Wherever poverty exists, rich people are involved by their sheer unwillness to share enough to meet everyone's basic needs.
That really isn't the case for large parts of rural Sub-Sahan Africa. For literally millions of people, they are growing crops basically about the same as their ancestors, in the same area. Maybe now they have mobile phones. It was ALWAYS hard labor.
Is everyone in this thread rich American college kids or something? Why do you all think the natural state of the world is Utopian paradise where leopards and impallas are best friends?
Is every person in those communities required to work to eat and have shelter, or does the community take care of those that are unable to contribute labor due to health conditions/old age?
In the community where I lived, usually the guys did the farming, which was back-breaking work, leaning over hoeing land manually. Men would also raise livestock, be tailors, teachers, traders, barbers, and a few other jobs. Don't get too wound up over "traders" - a guy would borrow money to walk to a large town and buy things he would sell to neighbors out of his home. He would do this until so many people said they would pay him back for the things from the "store" that he didn't have any money to buy things in town anymore, so the town would be without things like salt or kerosene for lanterns for a couple weeks, and then people would get fed up, and one new guy would start the cycle over again.
Women pounded the millet and sorghum into flour to make food, did gardening, made every meal, raised the kids, pulled water from the well, and some other micro-level cottage industry-ish type things.
But people worked every day. Old people worked every day. Unless you got malaria or had a severe injury, every day was work until you died, and even then you tried to do something because there was always so much work to do.

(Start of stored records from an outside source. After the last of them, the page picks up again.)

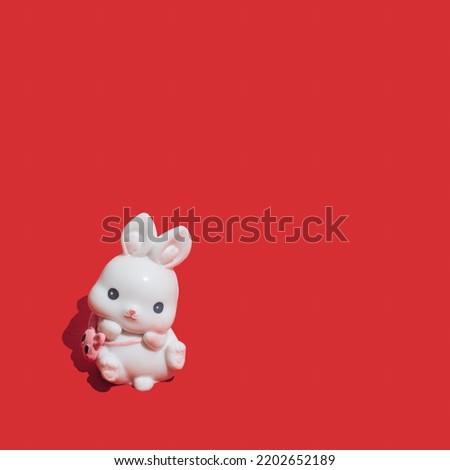 Little white rabbit on vibrant red background. Symbol of the Chinese New Year of the rabbit. Happy 2023 and good luck!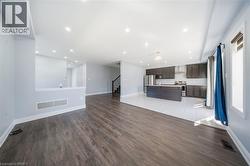 Open-concept living area featuring wood-finish flooring, recessed lighting, and a kitchen with dark cabinetry and stainless steel appliances - 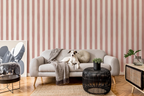 Modern living room with a grey sofa with a dog sitting in the middle, a grey blanket, black sofa table, and a striped wallpaper with pink brush strokes. 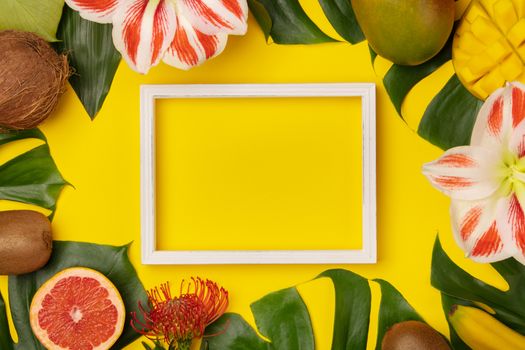 Creative flat lay with tropical fruits and plants and space for your text on yellow background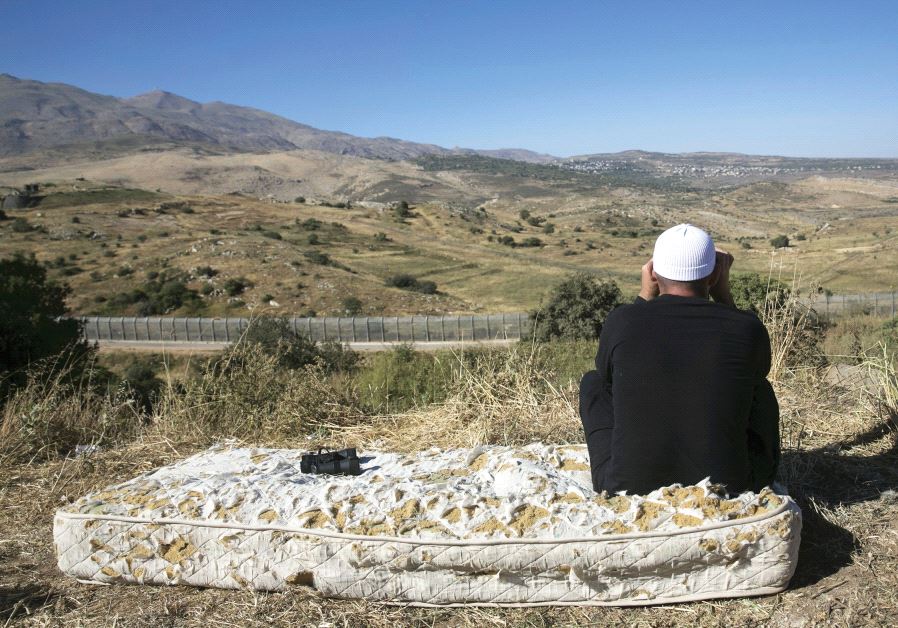 A DRUSE man watches the fighting in Syria from the Israeli side of the Golan Heights A DRUSE man watches the fighting in Syria from the Israeli side of the Golan Heights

I can imagine by some stretch you can still blame the rich, maybe without the rich people they'd have more access to better farmland, cheap water, etc.
Lol, so desperate to be the victim of an imaginary rich person that you don't even understand that it universally takes work to do things like eat food.
How do you think people got food 10,000 years ago? Or 30,000?
Do you think being a hunter-gatherer society is a vacation? Who were the rich people before money was invented that apparently caused things like drought?
I do wonder what the alternative is... Would that be growing/hunting your own food and making your own clothes and building your own shelter? I don't know about anyone else, but I would not live long in that scenario.
The context is that there is enough wealth in most western countries that not everyone must work to survive. Working should be for having access to more things that just surviving, and not everyone should be required to work all the time just to survive.
Basic needs are basic, like food, shelter, and healthcare. If everyone had access to those basic things they would be free even if they need to work to attain more.
Surely there isn't an economic system in which people don't work for a top 1%, but for everyone, you could say a communal, or a social, economic system...
The alternative is all the wealth and resources hoarded by top 1% are shared among people so that everyone has access to basic stuff like food, shelter and healthcare regardless of whether they're able to work.
Which isn't to say this would be easy to achieve, but that doesn't mean we shouldn't try.
Taxing people appropriately is obviously the right way to go. But it actually doesn't change the dynamic identified in the meme substantially. Rich people still hoard resources (albeit less after taxes). And basic needs are only met if enough people keep working to pay taxes or enrich their employers who pay taxes.